■ Task statement ■
Give the records again in full, exactly as they appear, but without the pictures.

[Crawled caption data]
Content starts
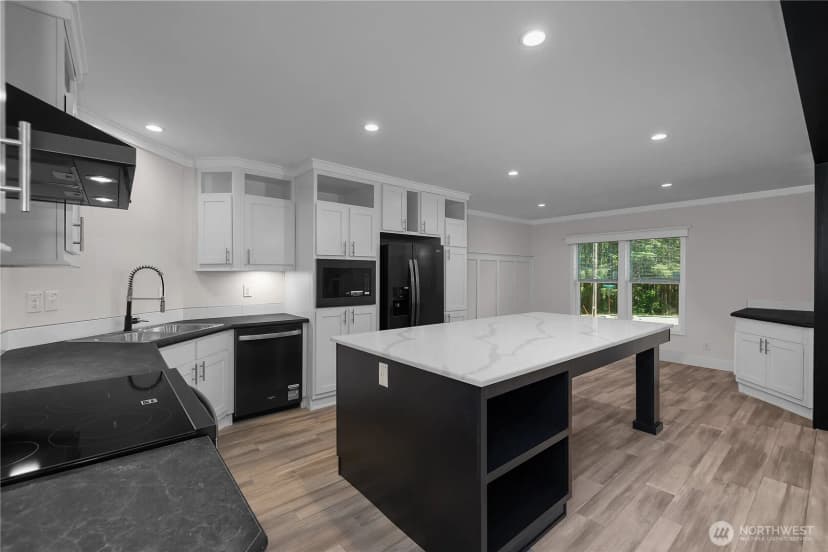 Property photo for 10 E Barnsby Place, Shelton photo 8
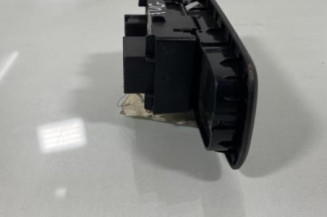 Interrupteur de leve vitre avant gauche FORD FIESTA 6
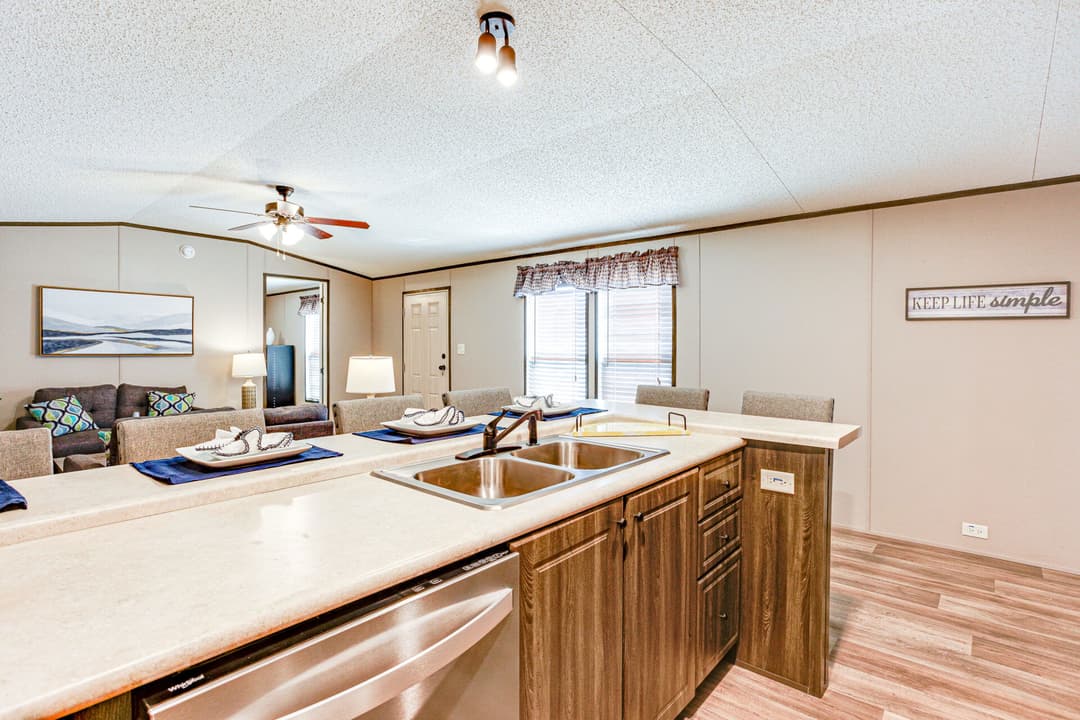 Heritage h-1672-32b kitchen home features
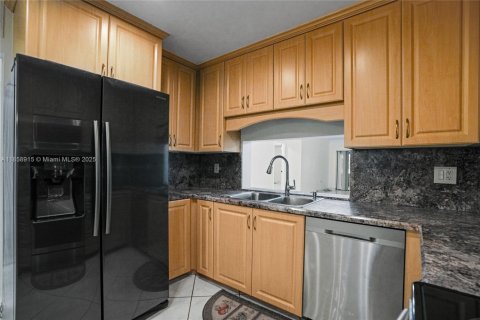 Casa en venta en Weston, Florida, 3 dormitorios, 139.35 m2 № 1890016 - foto 9
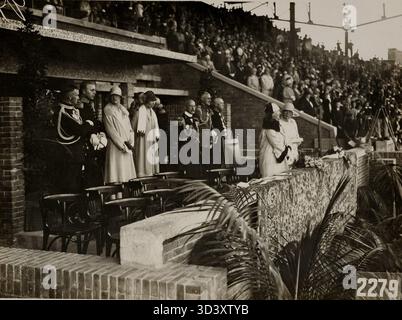 Königin Wilhelmina und Prinzessin Juliana von den Niederlanden werden während der Olympischen Spiele 1928 in Amsterdam in der königlichen Box des Olympiastadions fotografiert. Amsterdam, Niederlande, 1928. Stockfoto
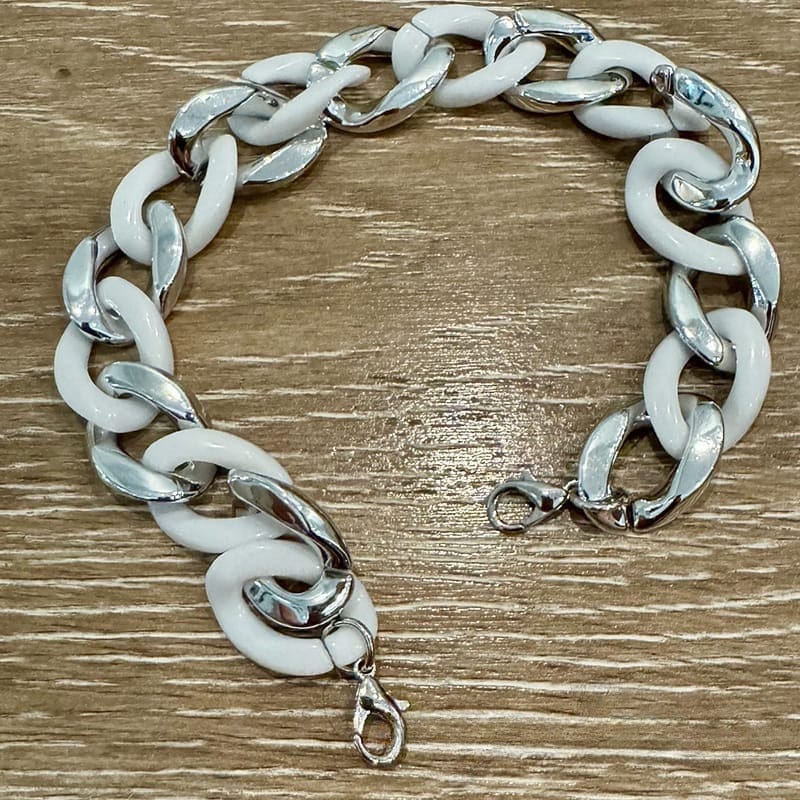On A Whim Hats White and Silver Hat Chain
Content ends
■ Task solution ■
 Property photo for 10 E Barnsby Place, Shelton photo 8
 Interrupteur de leve vitre avant gauche FORD FIESTA 6
 Heritage h-1672-32b kitchen home features
 Casa en venta en Weston, Florida, 3 dormitorios, 139.35 m2 № 1890016 - foto 9
 Königin Wilhelmina und Prinzessin Juliana von den Niederlanden werden während der Olympischen Spiele 1928 in Amsterdam in der königlichen Box des Olympiastadions fotografiert. Amsterdam, Niederlande, 1928. Stockfoto
On A Whim Hats White and Silver Hat Chain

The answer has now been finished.